EXERCISE AIM ▸ Needed from the data below: every line from the one with "Duplex - 67 m² - 3 pièces" up to and including the one with "06.05.2023 Mogilno Pogoń", repeated exactly and with nothing else.

Caption-style text data

= Beginning of Section =

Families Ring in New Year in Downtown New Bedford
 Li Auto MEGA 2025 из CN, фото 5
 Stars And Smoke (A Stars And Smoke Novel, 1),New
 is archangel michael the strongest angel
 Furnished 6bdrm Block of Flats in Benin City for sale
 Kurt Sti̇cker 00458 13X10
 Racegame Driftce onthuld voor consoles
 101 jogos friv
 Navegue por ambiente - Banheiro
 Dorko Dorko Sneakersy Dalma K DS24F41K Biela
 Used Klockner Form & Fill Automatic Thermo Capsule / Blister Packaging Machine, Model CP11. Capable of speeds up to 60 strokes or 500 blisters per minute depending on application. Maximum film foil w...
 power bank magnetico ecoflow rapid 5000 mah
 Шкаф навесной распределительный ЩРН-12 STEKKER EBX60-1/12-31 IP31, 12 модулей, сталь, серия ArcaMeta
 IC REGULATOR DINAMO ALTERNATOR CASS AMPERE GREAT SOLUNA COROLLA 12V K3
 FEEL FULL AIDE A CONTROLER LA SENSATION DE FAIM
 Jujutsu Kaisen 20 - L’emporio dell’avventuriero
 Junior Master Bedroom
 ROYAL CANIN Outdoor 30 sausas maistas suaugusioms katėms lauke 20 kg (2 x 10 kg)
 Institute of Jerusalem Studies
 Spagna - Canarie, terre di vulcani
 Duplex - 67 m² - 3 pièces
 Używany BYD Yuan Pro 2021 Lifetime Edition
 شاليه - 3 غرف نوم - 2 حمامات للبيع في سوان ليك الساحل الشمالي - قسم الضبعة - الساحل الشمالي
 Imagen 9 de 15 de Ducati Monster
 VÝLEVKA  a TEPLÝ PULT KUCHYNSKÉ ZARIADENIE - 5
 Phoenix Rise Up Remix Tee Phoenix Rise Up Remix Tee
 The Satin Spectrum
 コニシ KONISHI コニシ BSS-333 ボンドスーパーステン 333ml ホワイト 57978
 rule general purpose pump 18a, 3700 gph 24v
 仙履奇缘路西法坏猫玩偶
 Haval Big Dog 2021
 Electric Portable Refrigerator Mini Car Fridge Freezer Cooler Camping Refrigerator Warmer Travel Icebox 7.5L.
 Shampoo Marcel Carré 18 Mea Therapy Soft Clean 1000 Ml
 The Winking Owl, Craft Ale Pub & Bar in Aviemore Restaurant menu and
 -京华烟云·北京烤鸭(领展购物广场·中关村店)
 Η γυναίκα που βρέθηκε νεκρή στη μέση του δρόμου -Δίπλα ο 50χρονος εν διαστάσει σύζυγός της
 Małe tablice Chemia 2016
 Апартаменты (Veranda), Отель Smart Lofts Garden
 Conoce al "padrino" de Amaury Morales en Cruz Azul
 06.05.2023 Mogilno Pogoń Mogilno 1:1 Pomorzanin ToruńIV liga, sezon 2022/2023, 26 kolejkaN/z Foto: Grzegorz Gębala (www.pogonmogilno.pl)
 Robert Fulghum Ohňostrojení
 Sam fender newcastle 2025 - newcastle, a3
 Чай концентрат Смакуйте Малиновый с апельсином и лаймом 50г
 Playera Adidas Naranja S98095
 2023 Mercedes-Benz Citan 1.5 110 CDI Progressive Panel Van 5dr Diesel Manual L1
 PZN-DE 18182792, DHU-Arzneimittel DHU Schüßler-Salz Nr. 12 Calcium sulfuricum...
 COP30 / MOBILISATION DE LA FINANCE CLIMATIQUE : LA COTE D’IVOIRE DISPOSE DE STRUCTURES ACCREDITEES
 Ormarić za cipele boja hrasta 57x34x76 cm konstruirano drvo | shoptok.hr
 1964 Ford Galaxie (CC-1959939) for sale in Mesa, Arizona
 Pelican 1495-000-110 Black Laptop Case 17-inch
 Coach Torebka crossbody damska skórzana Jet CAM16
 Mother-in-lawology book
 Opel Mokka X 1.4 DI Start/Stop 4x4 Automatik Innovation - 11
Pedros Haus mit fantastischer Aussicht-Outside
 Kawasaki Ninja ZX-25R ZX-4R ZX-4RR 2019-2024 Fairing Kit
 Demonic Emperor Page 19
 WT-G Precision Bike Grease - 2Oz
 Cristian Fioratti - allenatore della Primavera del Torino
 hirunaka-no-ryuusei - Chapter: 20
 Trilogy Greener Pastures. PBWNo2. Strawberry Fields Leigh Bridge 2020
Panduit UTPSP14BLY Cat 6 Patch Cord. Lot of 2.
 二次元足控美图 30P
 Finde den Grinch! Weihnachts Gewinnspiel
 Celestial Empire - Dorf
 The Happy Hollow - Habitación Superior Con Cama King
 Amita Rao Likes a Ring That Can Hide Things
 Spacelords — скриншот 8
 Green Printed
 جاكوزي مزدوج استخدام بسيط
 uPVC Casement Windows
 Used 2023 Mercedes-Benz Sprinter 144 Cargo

= End of Section =

RESPONSE AREA ▸
 Duplex - 67 m² - 3 pièces
 Używany BYD Yuan Pro 2021 Lifetime Edition
 شاليه - 3 غرف نوم - 2 حمامات للبيع في سوان ليك الساحل الشمالي - قسم الضبعة - الساحل الشمالي
 Imagen 9 de 15 de Ducati Monster
 VÝLEVKA  a TEPLÝ PULT KUCHYNSKÉ ZARIADENIE - 5
 Phoenix Rise Up Remix Tee Phoenix Rise Up Remix Tee
 The Satin Spectrum
 コニシ KONISHI コニシ BSS-333 ボンドスーパーステン 333ml ホワイト 57978
 rule general purpose pump 18a, 3700 gph 24v
 仙履奇缘路西法坏猫玩偶
 Haval Big Dog 2021
 Electric Portable Refrigerator Mini Car Fridge Freezer Cooler Camping Refrigerator Warmer Travel Icebox 7.5L.
 Shampoo Marcel Carré 18 Mea Therapy Soft Clean 1000 Ml
 The Winking Owl, Craft Ale Pub & Bar in Aviemore Restaurant menu and
 -京华烟云·北京烤鸭(领展购物广场·中关村店)
 Η γυναίκα που βρέθηκε νεκρή στη μέση του δρόμου -Δίπλα ο 50χρονος εν διαστάσει σύζυγός της
 Małe tablice Chemia 2016
 Апартаменты (Veranda), Отель Smart Lofts Garden
 Conoce al "padrino" de Amaury Morales en Cruz Azul
 06.05.2023 Mogilno Pogoń Mogilno 1:1 Pomorzanin ToruńIV liga, sezon 2022/2023, 26 kolejkaN/z Foto: Grzegorz Gębala (www.pogonmogilno.pl)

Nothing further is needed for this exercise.